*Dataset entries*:
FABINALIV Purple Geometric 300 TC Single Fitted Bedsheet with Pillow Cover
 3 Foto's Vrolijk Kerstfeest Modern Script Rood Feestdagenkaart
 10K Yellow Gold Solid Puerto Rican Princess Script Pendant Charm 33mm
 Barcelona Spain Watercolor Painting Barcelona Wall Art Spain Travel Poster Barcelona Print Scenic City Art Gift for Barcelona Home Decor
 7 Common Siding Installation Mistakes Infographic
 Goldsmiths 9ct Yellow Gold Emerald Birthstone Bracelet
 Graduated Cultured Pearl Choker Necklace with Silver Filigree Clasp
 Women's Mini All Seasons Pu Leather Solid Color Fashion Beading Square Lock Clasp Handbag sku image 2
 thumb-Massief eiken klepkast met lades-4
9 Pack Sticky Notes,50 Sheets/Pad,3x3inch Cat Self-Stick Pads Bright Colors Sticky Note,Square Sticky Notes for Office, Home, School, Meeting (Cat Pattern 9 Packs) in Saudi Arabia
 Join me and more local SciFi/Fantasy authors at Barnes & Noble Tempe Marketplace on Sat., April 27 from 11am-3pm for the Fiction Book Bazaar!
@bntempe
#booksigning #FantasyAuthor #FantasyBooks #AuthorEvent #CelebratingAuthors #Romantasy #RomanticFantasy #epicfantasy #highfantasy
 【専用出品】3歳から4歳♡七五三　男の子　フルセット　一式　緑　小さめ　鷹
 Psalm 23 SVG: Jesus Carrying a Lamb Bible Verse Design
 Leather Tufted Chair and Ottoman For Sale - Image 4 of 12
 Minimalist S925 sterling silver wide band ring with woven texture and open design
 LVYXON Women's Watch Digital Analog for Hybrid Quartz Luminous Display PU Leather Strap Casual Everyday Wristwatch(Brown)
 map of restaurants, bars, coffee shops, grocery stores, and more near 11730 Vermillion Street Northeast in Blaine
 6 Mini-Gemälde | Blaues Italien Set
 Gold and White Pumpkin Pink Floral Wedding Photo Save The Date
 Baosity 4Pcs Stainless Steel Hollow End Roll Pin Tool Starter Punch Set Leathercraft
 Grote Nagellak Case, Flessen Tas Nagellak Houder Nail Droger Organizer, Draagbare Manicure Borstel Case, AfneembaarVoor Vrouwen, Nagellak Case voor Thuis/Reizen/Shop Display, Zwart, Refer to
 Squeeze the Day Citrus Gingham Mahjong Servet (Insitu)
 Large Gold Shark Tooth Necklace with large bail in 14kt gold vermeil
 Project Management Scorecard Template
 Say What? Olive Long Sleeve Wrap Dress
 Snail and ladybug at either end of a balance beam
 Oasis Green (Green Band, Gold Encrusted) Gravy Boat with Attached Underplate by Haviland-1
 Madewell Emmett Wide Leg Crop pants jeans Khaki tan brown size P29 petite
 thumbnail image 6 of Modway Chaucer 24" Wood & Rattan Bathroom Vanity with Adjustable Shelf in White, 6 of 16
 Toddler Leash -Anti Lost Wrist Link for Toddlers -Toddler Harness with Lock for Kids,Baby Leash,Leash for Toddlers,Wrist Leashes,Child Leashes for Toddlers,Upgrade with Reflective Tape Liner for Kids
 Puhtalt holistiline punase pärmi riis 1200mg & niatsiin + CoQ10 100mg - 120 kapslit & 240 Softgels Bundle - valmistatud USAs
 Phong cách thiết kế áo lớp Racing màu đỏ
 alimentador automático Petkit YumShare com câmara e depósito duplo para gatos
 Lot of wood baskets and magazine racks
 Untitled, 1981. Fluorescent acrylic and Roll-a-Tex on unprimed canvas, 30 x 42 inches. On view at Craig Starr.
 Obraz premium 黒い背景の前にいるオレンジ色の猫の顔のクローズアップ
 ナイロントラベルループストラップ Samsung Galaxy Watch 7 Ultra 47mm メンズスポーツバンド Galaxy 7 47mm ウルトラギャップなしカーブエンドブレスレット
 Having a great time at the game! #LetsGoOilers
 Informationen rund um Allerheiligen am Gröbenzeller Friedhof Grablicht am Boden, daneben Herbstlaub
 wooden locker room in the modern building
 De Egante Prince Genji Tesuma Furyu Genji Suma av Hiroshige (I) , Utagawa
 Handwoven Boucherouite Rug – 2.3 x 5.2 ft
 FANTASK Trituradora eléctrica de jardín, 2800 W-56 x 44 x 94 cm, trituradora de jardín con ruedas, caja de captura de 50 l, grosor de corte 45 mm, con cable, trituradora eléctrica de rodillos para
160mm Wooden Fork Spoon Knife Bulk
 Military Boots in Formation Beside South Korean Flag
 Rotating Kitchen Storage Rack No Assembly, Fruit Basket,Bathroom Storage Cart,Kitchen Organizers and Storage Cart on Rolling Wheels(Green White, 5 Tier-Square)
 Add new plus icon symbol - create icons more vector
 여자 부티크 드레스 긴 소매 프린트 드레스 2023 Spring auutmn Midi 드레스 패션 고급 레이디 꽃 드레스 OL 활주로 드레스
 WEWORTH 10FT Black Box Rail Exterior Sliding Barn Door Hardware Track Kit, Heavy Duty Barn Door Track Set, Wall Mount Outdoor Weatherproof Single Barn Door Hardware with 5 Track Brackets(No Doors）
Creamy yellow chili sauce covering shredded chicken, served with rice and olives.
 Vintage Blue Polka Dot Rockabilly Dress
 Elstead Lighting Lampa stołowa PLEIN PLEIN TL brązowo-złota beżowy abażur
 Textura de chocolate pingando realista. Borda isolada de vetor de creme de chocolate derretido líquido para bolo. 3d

*EXERCISE PROMPT*:
Copy out the lines above exactly, beginning at the one that contains "FANTASK Trituradora eléctrica" and ending at the one that contains "Military Boots in".

*RESULT OF THIS EXERCISE*:
 FANTASK Trituradora eléctrica de jardín, 2800 W-56 x 44 x 94 cm, trituradora de jardín con ruedas, caja de captura de 50 l, grosor de corte 45 mm, con cable, trituradora eléctrica de rodillos para
160mm Wooden Fork Spoon Knife Bulk
 Military Boots in Formation Beside South Korean Flag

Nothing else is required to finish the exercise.